Aim of the exercise: The pictures get left out, but everything else in the listing below must be duplicated exactly.

_ _ _ _

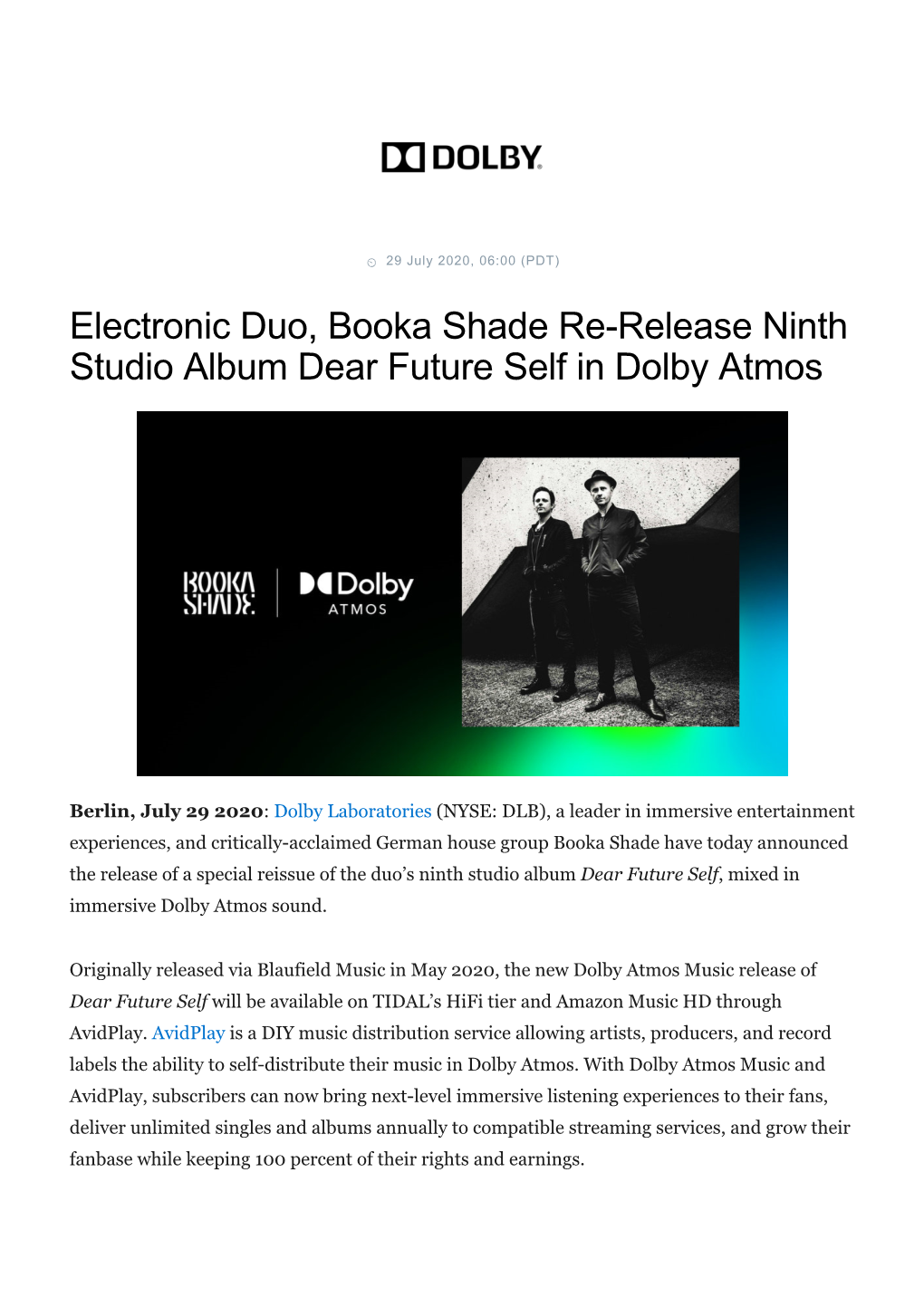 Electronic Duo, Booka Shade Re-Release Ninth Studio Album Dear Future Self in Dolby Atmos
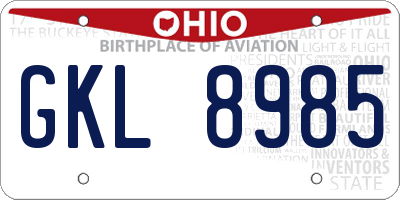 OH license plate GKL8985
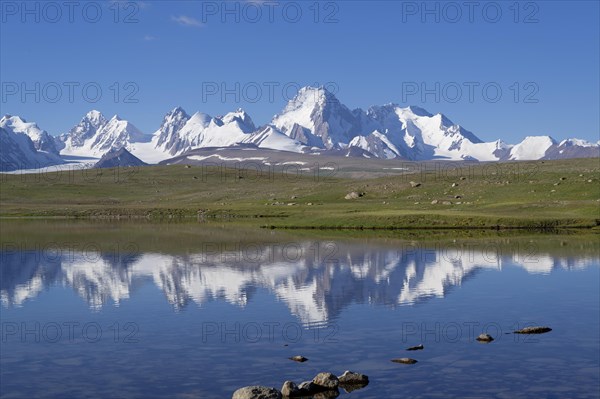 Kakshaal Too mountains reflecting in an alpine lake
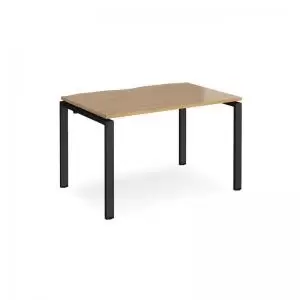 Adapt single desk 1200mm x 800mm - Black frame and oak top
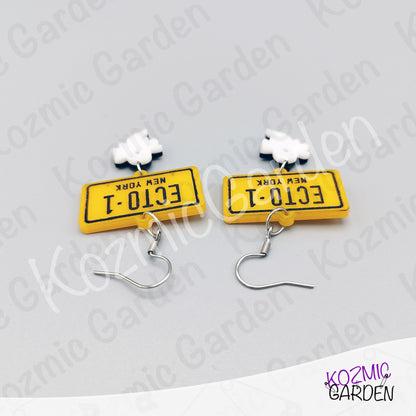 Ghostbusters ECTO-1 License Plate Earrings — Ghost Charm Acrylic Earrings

_ _ _ _

Solution for this task:
 Electronic Duo, Booka Shade Re-Release Ninth Studio Album Dear Future Self in Dolby Atmos
 OH license plate GKL8985
 Kakshaal Too mountains reflecting in an alpine lake
 Adapt single desk 1200mm x 800mm - Black frame and oak top
 Ghostbusters ECTO-1 License Plate Earrings — Ghost Charm Acrylic Earrings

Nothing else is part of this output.